TASAWUF (Jalan Mendekat dan Mencintai Allah SWT) Oleh: Khoirul Hafidz Fanani

            Kalau sastra adalah seni bahasa, tari adalah seni gerak, bernyanyi adalah seni suara, musik adalah seni nada, maka tasawuf adalah seni ibadah kepada Allah SWT. Dan kalau ibadah kita maksudkan untuk menjalani hidup ini dengan cinta kepada-Nya, maka tasawuf adalah seni menjalani hidup dengan cinta dan mesra kepada Dzat Yang Maha Indah, Allah Swt.
            Para sufi (pelaku tasawuf) itulah orang yang cinta kepada-Nya. Dan cinta kepada Allah berarti cinta kepada nilai-nilai luhur yang datang dari-Nya, cinta kebenaran, kejujuran, kesetiaan, kemerdekaan, dan sederetan panjang nilai-nilai luhur lainnya.
            Rabi'ah al-Adawiyah (lahir sekitar 95-99 H), misalnya, menyatakan bahwa beribadah kepada Allah, hanya karena cintanya yang mendalam, rindu yang begitu syahdu untuk melihat wajah-Nya. Dalam sya'irnya, ia nyatakan:
"Tuhanku
Kalau aku mengabdi-Mu karena takut akan neraka-Mu
Maka bakarlah aku di neraka jahanam itu
Kalau aku mengabdi-Mu karena ingin surga-Mu
Maka tampiklah aku dari surga-Mu itu
Tetapi kalau aku mengabdi-Mu karena cintaku kepada-Mu
Maka janganlah tampik aku untuk melihat keindahan wajah-Mu"
            Al-Hallaj (244-309 H), ketika akan dibunuh, tubuhnya akan dicincang dan dibakar, dan abunya akan disebarkan ke seluruh penjuru angin, sama sekali ia tak gentar dan takut. Karena ia merasa akan bertemu dengan Sang Kekasih yang sangat dirindukannya.
            Imam al-Qusyairi (376-465 H), penulis kitab al-Risalah al-Qusyairiyah, yang tidak takut menghadapi ancaman fuqaha serta Mutakllimin Muktazilah yang selalu memusuhi dan menjebloskan ke dalam penjara, karena mereka berkuasa pada waktu itu dan menggunakan kekuasaan tersebut sesuai dengan hawa nafsu mereka. Al-Qusyairi tidak takut karena cintanya kepada Allah SWT mengalahkan segala-galanya. Dalam menafsirkan Basmalah pada awal surat Al-Hijr, Al-Qusyairi menyatakan:
"Bismillah, minuman yang diregukkan oleh al-Haq, kepada para kekasih-Nya, Setelah mereka minum, mereka berdendang. Setelah berdendang, mereka beriang gembira, kemudian mereka sama-sama menyaksikan kebenaran-Nya dan pada terbuai mesra oleh kedekatan-Nya. Kesadaran mereka jadi putus lenyap, akal mereka jadi tenggelam dalam kelembutan-Nya, dan qolbu mereka jadi lebur dalam penyingkapan-Nya."
Begitu pula al-Niffari (w.354 H), penyair sufi yang begitu kental penyerahan dirinya kepada Allah SWT, yang merupakan puncak kepasrahan dan cinta kepada-Nya yang mendalam, katanya:
"Ilmu adalah huruf, yang tak terungkap kecuali oleh perbuatan
Dan perbuatan adalah huruf, yang tak terungkap kecuali oleh keikhlasan
Dan keikhlasan adalah huruf, yang tak terungkap kecuali oleh kesabaran
Dan kesabaran adalah huruf, yang tak terungkap kecuali oleh kepasrahan".

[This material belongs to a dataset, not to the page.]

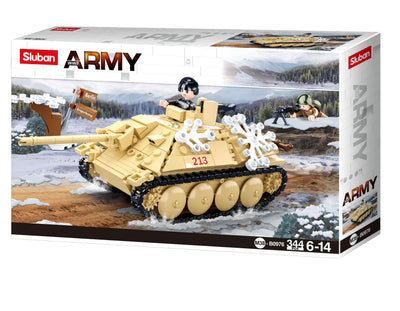 Tank Destroyer brick model - Sluban M38-B0976 - 344 bricks Tank SLUBAN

Kanjeng Nabi Muhammad SAW, pernah mengungkapkan dalam doanya:
"Ya Allah, karuniailah aku dengan cinta kepada-Mu, cinta kepada orang-orang yang mencintai-Mu, cinta kepada orang-orang yang mendekatkan aku akan cinta-Mu, dan jadikanlah cintaku kepada-Mu lebih dari cintaku kepada diriku sendiri dan dari kecintaanku akan air yang sejuk."
            Demikianlah sekelumit contoh dari orang-orang yang menjalani hidupnya dengan penuh cinta kepada Allah SWT. Dengan cinta kepada-Nya yang dalam itulah, mereka sanggup mencintai manusia dan kemanusiaan yang sangat dalam. Akar pijakannya begitu dalam dan kuat. Tidak takut kepada siapapun, kecuali kepada Allah SWT. Sehingga hidupnya tidak akan plin-plan atau munafik dalam hidupnya. Teladan seperti inilah yang kita perlukan terutama di zaman akhir seperti sekarang ini.

Maqamat
            Jika kaum sufi ingin mendekatkan diri kepada Allah, tidak hanya sekedar dekat, tetapi ingin sedekat mungkin, sehingga mereka dapat melihat Allah (ma'rifat), malahan lebih dekat dari itu, mereka bisa mengalami persatuan (ittihad) dengan Allah, maka harus melalui terminal-terminal (maqamat). Karena maqamat adalah landasan tasawuf.
            Sebagai ilustrasi dan contoh untuk mengadakan perjalanan kepada Allah (suluk) adalah sebagai berikut:
            Allah adalah bersifat Immateri dan Mahasuci. Maka unsur dari manusia yang dapat bertemu dengan Allah adalah unsur immateri manusia, yaitu hati, dan hati harus suci. Yang dapat mendekati Mahasuci adalah yang suci.
            Hati manusia, yang masuk ke dalam tubuh manusia, bisa dibuat kotor oleh hawa nafsu. Oleh karena itu ruh harus disucikan terlebih dahulu dari kotoran-kotoran yang melekat dari dirinya.
            Pembersihan itu dapat dilakukan melalui ibadah shalat, puasa, zakat, haji, membaca al-Qur'an, dan selalu mengingat Allah dengan berdzikir. Memang tujuan dari ibadah adalah untuk menghindarkan diri dari perbuatan keji dan munkar. Dan dengan demikian, dapat membuatnya bertakwa, bersih, dan dekat dengan Allah SWT.
            Jika sufi melakukan ibadah shalat, maka shalat yang dilakukan tidak hanya cukup shalat wajib, tetapi juga shalat-shalat sunnah, dan ditambahi dengan dzikir-dzikir. Ia banyak membaca Al-Qu'ran, bahkan mengkhatamkannya dalam waktu satu atau dua hari. Lidahnya selalu dihiasi dengan bacaan-bacaan ayat-ayat al-Qu'an.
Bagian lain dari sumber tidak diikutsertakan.